Nein, der Absturz hat einen klaren Hintergrund. In Europa ist die Verunsicherung und Unzufriedenheit wegen der EZB-Geldpolitik sehr gross. Es ist also klar, dass sehr viele Euro in die Schweiz fliessen und selbst die Parität ernsthaft in Gefahr ist. Der Absturz von acht Prozent scheint mir vor diesem Hintergrund realistisch. Ich gehe davon aus, dass die Börse heute noch weiter abstürzt, und sich dann nächste Woche auf einem niedrigeren Stand einpendelt.

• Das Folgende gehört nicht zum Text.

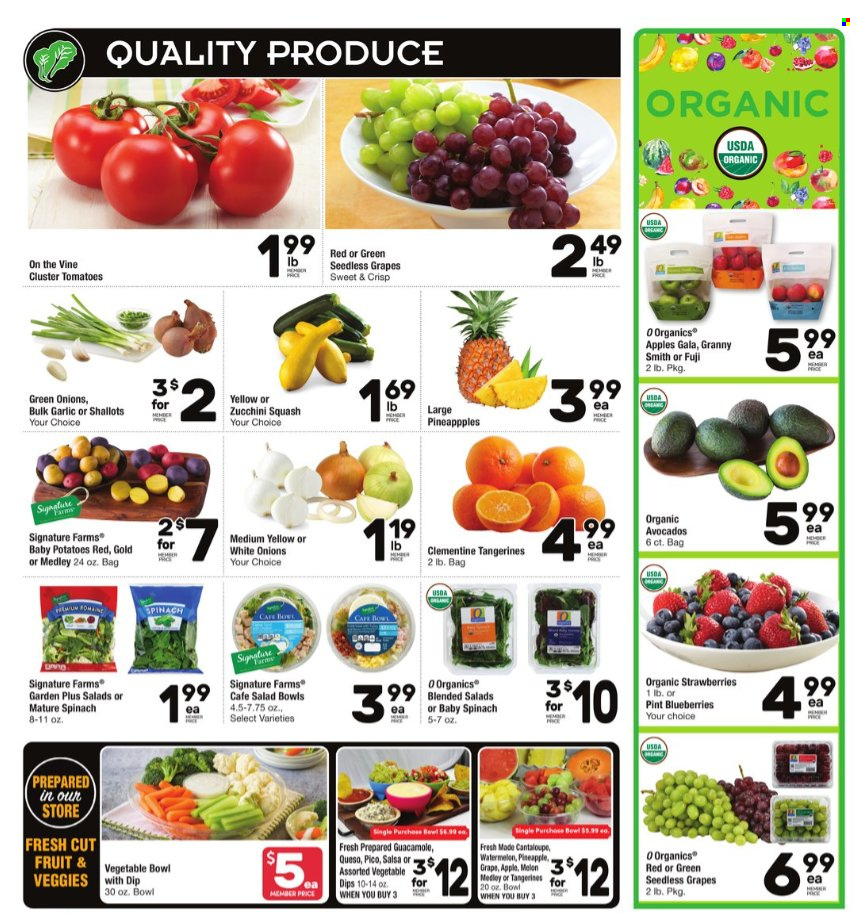 thumbnail - Tom Thumb Flyer - 10/05/2022 - 10/11/2022 - Sales products - garlic, shallots, tomatoes, zucchini, potatoes, apples, blueberries, Gala, seedless grapes, strawberries, watermelon, pineapple, Granny Smith, guacamole, dip, salsa, tangerines, melons. Page 3.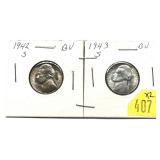 x2- Jefferson nickels: 1942-S, 1943-S, 35% silver,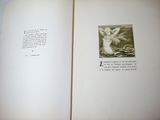 an open book with a picture of an angel on it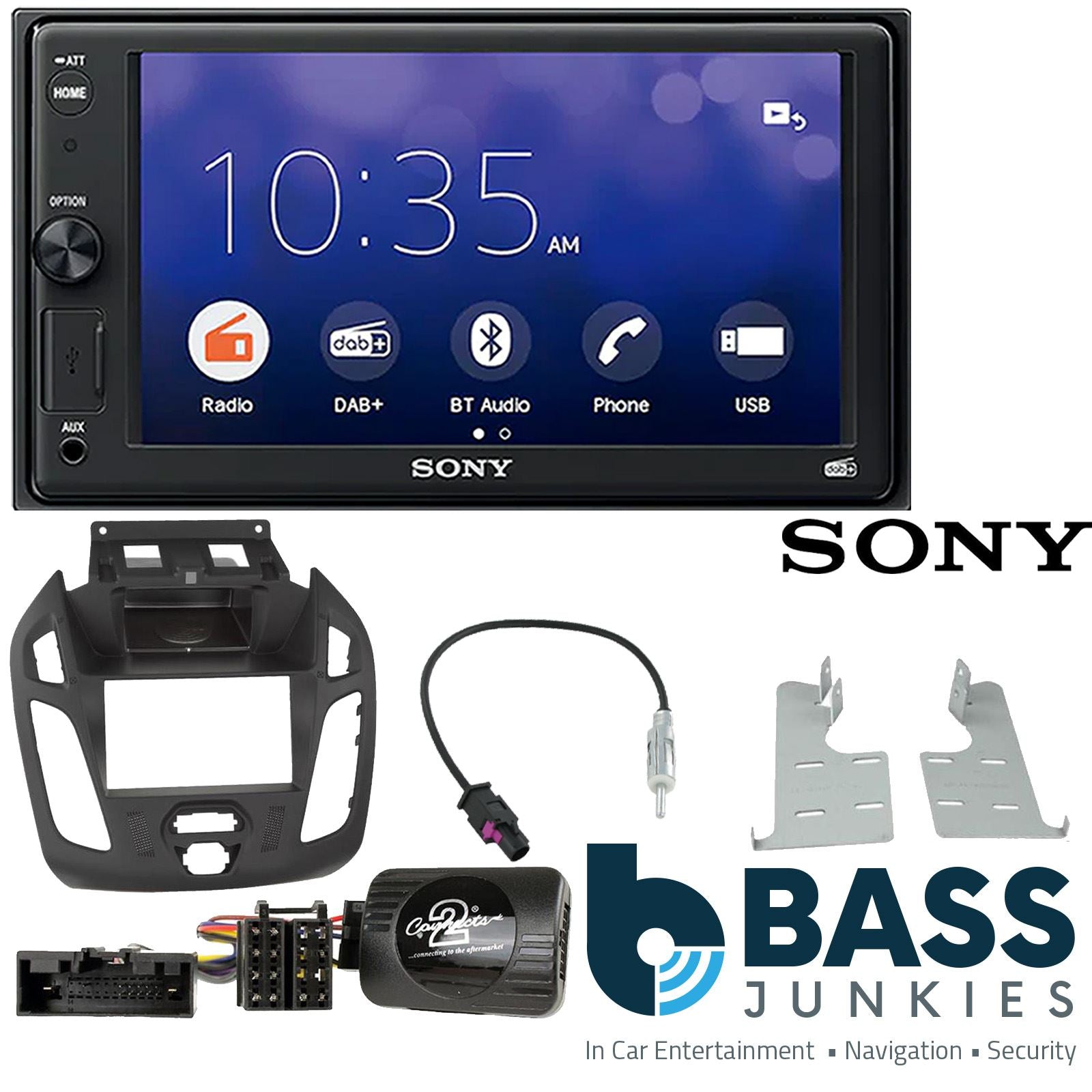 SONY XAV-1550D DAB+ Smart Bluetooth Car Radio + Stereo fitting kit + Steering Wheel Controls Loom for Ford Transit-Connect 2013-2021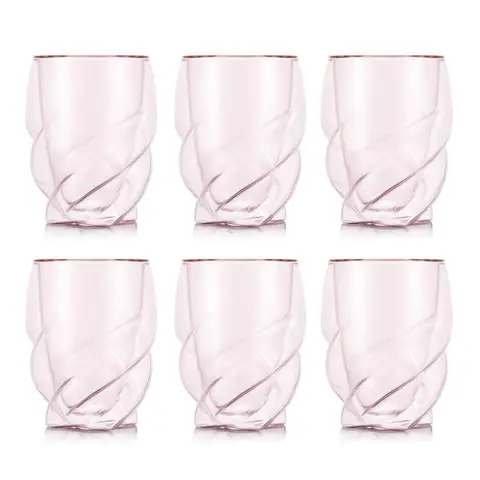 Bodum PAVINA PARIS Dubbelwandige glazen - 270 ml, Transparant roze, Verpakking van 6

Gibt es nicht auch positive Aspekte eines starken Schweizer Frankens?
Eigentlich nicht. Zwar werden die Importe günstiger und auch der Konsum im Inland. Doch das Ausmass, in dem Einkäufe in der EU billiger werden, ist noch grösser. Der Einkaufstourismus wird noch mehr zunehmen. Selbst für Produkte, wie beispielsweise Elektronik, die in der Schweiz bisher relativ billig waren, dürfte sich die Fahrt nach Deutschland bald lohnen.

*Andreas Steffes ist Sekretär und Chefökonom von Handel Schweiz. Handel Schweiz ist der Dachverband des Handels, dem 33 Branchenverbände mit insgesamt 3700 Unternehmen angehören.